The message that you sent was undeliverable to the following:

C30JRC1 (UNUSED)

Digging through my pile of stuff, I found an extra 2001 catalog. PM your mailing address and I'll mail it to you.

For the cage mount, call one of the 'old time' shops (like RRB) that use to make frames. They can fix anything.

TF


----------



## IGotNuthin' (Feb 20, 2004)

Thanks!
Will do..

J


----------



## IGotNuthin' (Feb 20, 2004)

Or, try [email protected]

J


----------



## Juanmoretime (Nov 24, 2001)

Fastgaijin said:


> I'm curious to find out how Merlin normally handles this issue.

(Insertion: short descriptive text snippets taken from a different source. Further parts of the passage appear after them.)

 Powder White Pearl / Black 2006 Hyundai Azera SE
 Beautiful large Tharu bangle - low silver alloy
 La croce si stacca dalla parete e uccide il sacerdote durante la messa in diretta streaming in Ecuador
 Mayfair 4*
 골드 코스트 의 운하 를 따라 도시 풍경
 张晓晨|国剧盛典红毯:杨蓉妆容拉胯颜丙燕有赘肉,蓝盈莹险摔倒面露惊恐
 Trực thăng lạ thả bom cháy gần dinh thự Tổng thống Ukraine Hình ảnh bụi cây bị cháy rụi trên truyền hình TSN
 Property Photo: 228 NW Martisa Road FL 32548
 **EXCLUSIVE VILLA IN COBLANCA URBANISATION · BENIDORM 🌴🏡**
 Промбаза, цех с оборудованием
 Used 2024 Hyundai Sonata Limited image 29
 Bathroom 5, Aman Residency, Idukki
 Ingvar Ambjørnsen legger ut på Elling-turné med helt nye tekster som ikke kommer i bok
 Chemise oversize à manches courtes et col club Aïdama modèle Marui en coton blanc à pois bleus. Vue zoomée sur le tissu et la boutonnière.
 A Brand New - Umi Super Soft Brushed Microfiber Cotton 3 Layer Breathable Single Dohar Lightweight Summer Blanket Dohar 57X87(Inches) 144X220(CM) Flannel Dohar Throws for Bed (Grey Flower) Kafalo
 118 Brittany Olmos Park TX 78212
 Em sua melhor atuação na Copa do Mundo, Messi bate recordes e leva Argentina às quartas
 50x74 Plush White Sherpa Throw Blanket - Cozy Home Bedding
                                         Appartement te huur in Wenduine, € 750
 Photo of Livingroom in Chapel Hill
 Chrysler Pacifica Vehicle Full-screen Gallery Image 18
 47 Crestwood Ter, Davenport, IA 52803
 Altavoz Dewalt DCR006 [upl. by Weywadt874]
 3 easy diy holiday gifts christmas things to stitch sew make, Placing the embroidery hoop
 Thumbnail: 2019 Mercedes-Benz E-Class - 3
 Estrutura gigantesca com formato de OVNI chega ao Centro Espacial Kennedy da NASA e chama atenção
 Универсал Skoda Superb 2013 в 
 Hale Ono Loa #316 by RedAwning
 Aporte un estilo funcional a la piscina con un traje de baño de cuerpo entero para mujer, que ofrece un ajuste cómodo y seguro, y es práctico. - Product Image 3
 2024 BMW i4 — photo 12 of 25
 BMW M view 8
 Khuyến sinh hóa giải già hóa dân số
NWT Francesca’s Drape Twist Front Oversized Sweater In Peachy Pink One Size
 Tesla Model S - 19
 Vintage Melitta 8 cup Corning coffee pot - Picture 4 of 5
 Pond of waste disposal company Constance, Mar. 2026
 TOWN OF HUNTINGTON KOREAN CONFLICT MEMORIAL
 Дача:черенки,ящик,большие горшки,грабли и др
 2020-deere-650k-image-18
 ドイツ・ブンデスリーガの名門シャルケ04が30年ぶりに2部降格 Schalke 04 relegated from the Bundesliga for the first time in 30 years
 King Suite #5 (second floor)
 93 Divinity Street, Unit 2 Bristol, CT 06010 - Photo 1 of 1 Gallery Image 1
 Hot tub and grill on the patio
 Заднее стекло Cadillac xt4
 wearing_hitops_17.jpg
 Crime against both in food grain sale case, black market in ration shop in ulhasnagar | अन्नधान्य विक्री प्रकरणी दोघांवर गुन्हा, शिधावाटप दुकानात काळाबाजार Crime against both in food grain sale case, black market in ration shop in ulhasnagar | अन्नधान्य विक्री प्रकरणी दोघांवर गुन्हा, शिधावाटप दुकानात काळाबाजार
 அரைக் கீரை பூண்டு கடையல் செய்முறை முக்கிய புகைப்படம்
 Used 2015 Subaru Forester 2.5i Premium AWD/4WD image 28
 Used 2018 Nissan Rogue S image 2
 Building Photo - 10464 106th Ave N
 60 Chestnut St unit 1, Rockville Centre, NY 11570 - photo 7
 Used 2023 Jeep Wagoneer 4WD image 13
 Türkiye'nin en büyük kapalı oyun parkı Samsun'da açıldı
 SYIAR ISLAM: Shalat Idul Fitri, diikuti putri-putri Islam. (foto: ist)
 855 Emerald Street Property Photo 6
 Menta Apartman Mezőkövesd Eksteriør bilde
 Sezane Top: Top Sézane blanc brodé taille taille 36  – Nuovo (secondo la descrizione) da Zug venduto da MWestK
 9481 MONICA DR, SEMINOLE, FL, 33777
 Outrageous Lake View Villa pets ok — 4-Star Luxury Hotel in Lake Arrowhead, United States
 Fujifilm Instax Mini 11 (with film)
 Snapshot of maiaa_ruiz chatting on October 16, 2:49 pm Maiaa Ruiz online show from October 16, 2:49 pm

It would be a real pain to strip and ship a frame just for a minor issue such as this. I just bought a new TiWorks TR 6/4, and the rivnuts are not the tightest; this makes me a little nervous. I'm an aviation metalsmith and have the tools / resources to replace them myself, but I can appreciate the difficulty this problem poses.
> 
> To answer your question: If you buy / borrow a rivnut puller, you should be able to tighten up your offending rivnut (if it's loose, threading in the puller will be tricky). Here's one type of puller I pulled off the net with a quick google search: http://gallery.bcentral.com/GID4351283P794397-Hand-Tools/HT4-Hand-Rivnut-Rivet-Nut-Puller.aspx
> 
> ...


Knowing Litespeed I'm sure they would have you take it to one of their authorized dealers, if you are the original owner. Any competent shop or frame builder can fix it.


----------



## Ramjm_2000 (Jan 29, 2005)

Any Litespeed shop worth their salt will have the tool to fix the rivnut. While I don't really like them, they are fairly easy to fix/replace.


----------